Em defesa do Bloco

Como democrata e homem de esquerda, parece-me completamente intolerável, além de bastante perigosa, a vaga de depreciação da qual o Bloco de Esquerda está agora a ser objeto. Não apenas pela direita em geral, o que não será grave – seria até um mau sinal se tal não acontecesse –, mas por muitos jornalistas e comentadores com assento cativo nas televisões e nos jornais. Alguns fazem-lhe até uma espécie de funeral antecipado, equiparando o seu eventual desaparecimento à morte de toda a esquerda como ideal, como projeto e como solução, falando mesmo do fim de uma época da história das lutas sociais e das democracias.

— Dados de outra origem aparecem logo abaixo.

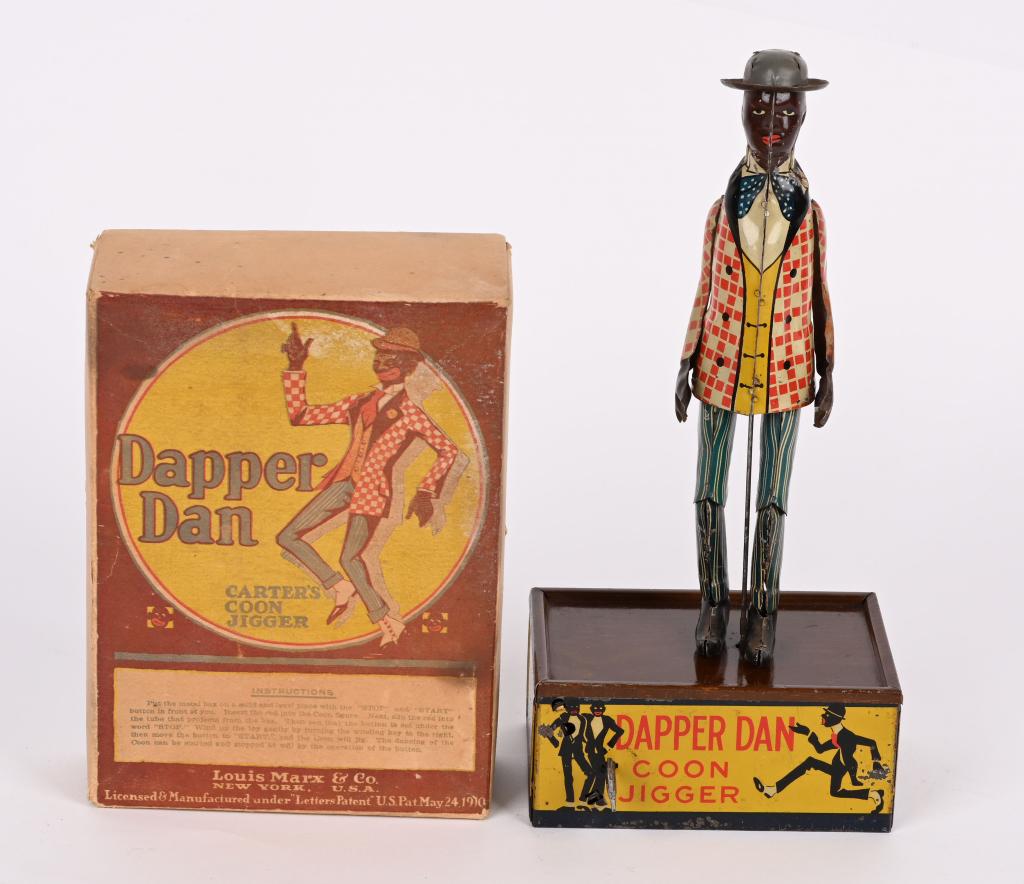MARX TIN WINDUP DAPPER DAN COON JIGGER w/ BOX: Marx tin windup Dapper Dan Carter's Coon Jigger. All original and complete with both arms. Toy has very nice colors. Windup works. With nice complete Box. 10" Excellent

Durante bastante tempo, e episodicamente isso ainda acontece, passei por ser aderente do Bloco de Esquerda. É verdade que participei em alguns encontros no seu início, e que durante cerca de quinze anos, além de ser seu eleitor, colaborei em diversas iniciativas do partido, como empenhado «companheiro de jornada», mas, de facto, jamais tive com ele uma ligação formal. Comecei até a distanciar-me, quando a sua opção exclusiva como partido de protesto, a sua dificuldade em dialogar com o centro-esquerda e algum antieuropeísmo, causaram danos políticos. A partir dessa altura, escrevi artigos de opinião onde critiquei, sempre de forma que julguei construtiva, algumas das suas escolhas, tendo por isso granjeado, entre bloquistas mais sectários, uma reputação de incómodo ou mesmo de apóstata. 

Todavia, continuei e continuo, apesar de ser agora membro de outro partido de esquerda, a ter muitos amigos e amigas no Bloco, e também a concordar com muitas das suas escolhas, valorizando, num tempo marcado pela cobardia, pela ductilidade e pela emergência desavergonhada da extrema-direita, a sua iniciativa sempre frontal e corajosa. Reconhecendo, ao mesmo tempo, o que fez pela nossa vida coletiva, e considerando-o uma força democrática imprescindível, numa área não ortodoxa de combate pela justiça social, pela igualdade, pela ecologia e pelo socialismo. Sendo verdade que o BE atravessa um momento difícil, continuará o seu caminho e, contra ventos e marés, voltará a mostrar do que é capaz. Merece o maior respeito de quem se afirma democrata.